YOUR ASSIGNMENT
Only the lines below from the one containing "Hot Toys T800 Battle Damaged Version" through the one containing "Metal End Cap Seal — Grupo GA230" belong in the answer, set down exactly, with the pictures left out.

MATERIAL FOR THIS TASK
###

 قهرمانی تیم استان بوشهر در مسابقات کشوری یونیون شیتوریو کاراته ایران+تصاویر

###

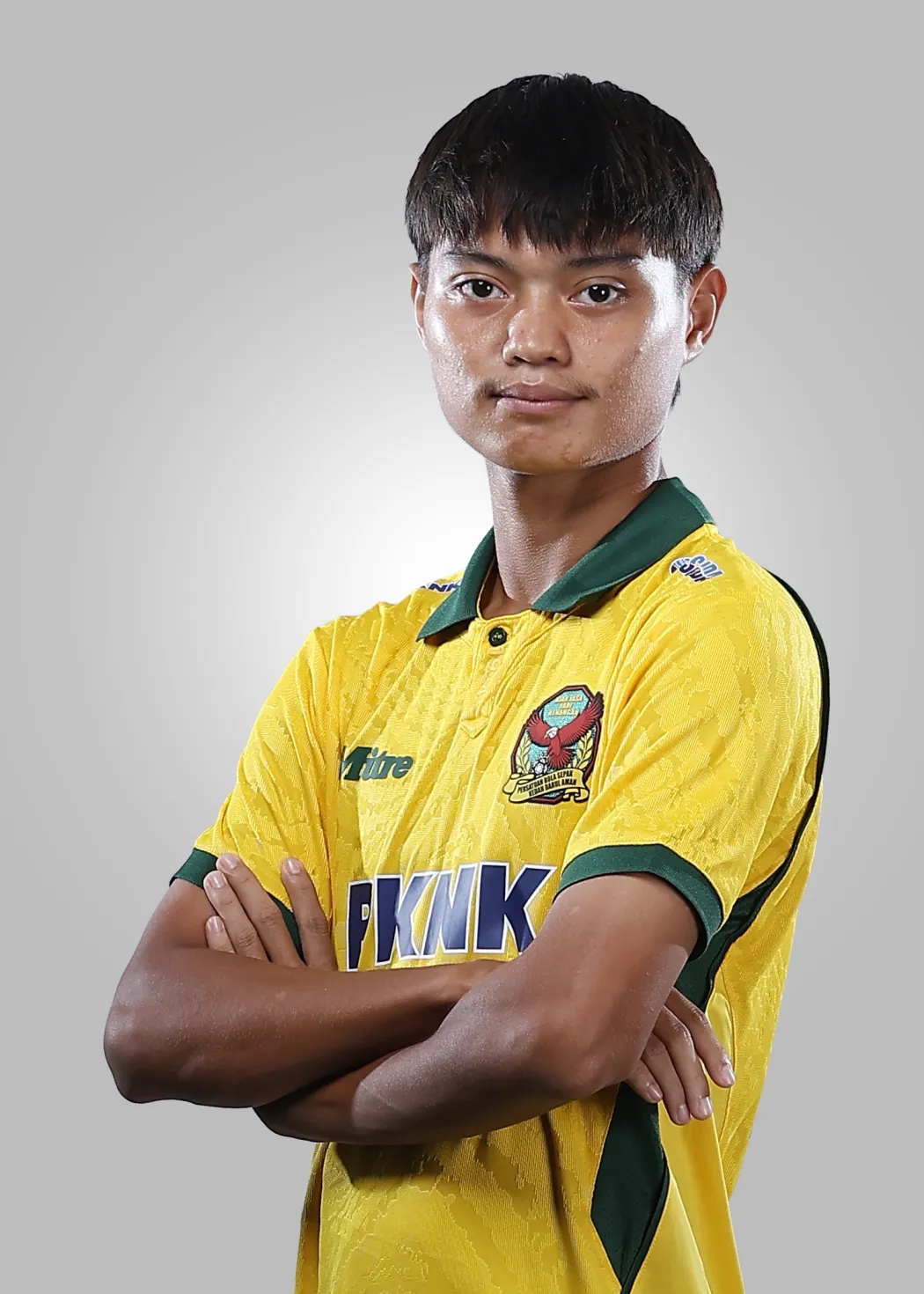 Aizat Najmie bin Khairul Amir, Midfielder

###

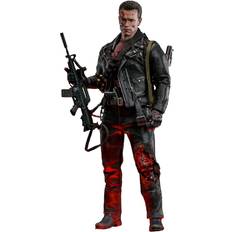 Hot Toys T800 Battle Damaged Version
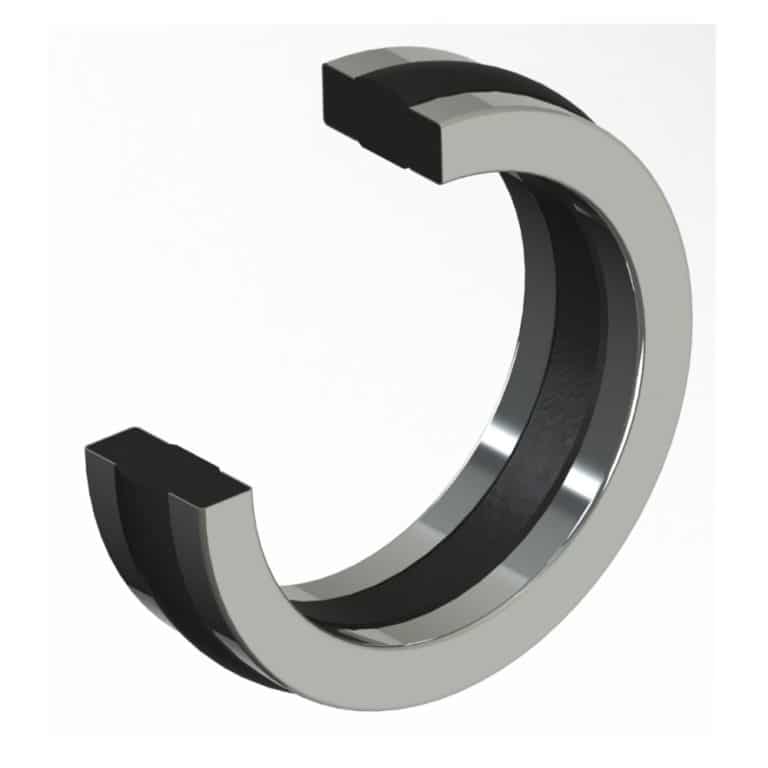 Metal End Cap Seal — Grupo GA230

###

RESPONSE AREA
 Hot Toys T800 Battle Damaged Version
 Metal End Cap Seal — Grupo GA230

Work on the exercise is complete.